Sand and dust are almost always on the move; they are picked up, blown a short distance, and dropped to earth again. But at times great amounts of dust are carried thousands of miles to settle in foreign lands. Some Sahara dust storms have become exceptionally widespread: in 1901 a mass of dust estimated to weigh nearly four million tons was spread in a thin mantle across North Africa and Europe. An estimated 10 million tons fell on England in two days in 1903, and it is not uncommon for ships at sea to be brushed with dust from the Sahara.

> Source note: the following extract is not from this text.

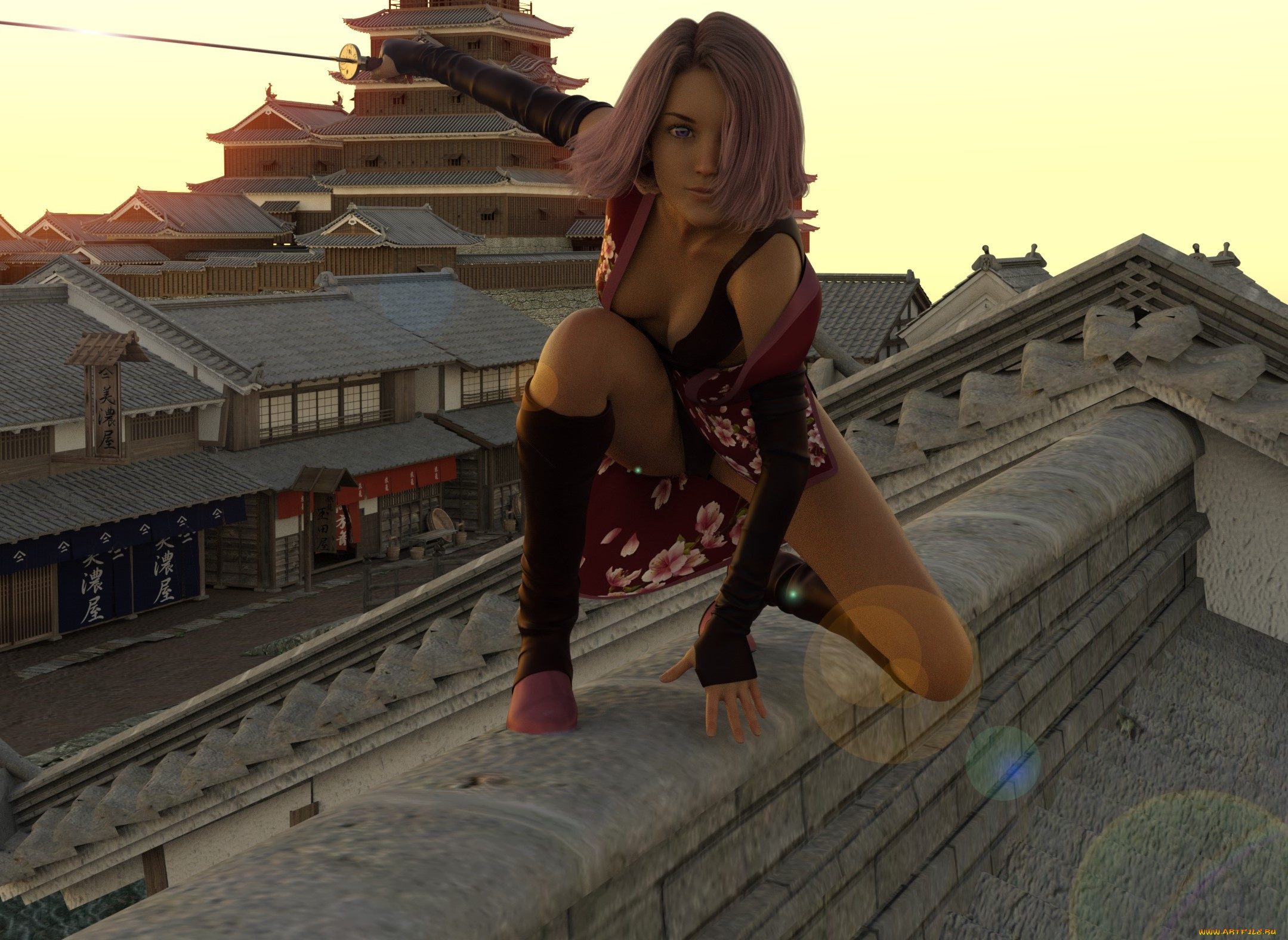 3д, графика, фантазия, , fantasy, фон, взгляд, девушка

Dust on the move can produce some rather unusual effects. Red rains and red snows, comparatively frequent in some places, are the result of reddish Sahara dust encountering humid air and condensing to douse broad areas with reddish sediment. Some of the millions of tons of Sahara dust sailing along at high elevations to moist climates is precipitated widely, as occurred in Germany in 1959. Over 15,600 square miles were blanketed with deep reddish snow. Dust seems to prefer that area; in 1980, ski resorts advertised the thrill of skiing on red snow. Business zoomed!
The wind current that flows off the Sahara Desert is known as a sirocco. It is responsible for delivering the unusual precipitation as it carries million of tons of reddish—colored sand over Europe. However, such events can have negative results. In a.d. 582 a deep "shower of blood" fell on Paris. The red rain caused great fright; many Parisians tore at their "bloodstained" clothing while vigorously repenting their sins. The local churches were filled to capacity that day.
Windstorms can have a comical side. In 1901 an engineer examined a prospective placer diamond property in what was then German East Africa. He found the sand rich in very fine diamonds and began negotiating for a deal with the owner. When a fierce windstorm suddenly descended on the area, they retreated into the owner's shack. Both watched with mouths agape as the wind picked up the sand, stripping the area down to bedrock, and carried sand, dust, and diamonds to other properties farther down the valley. The deal was off.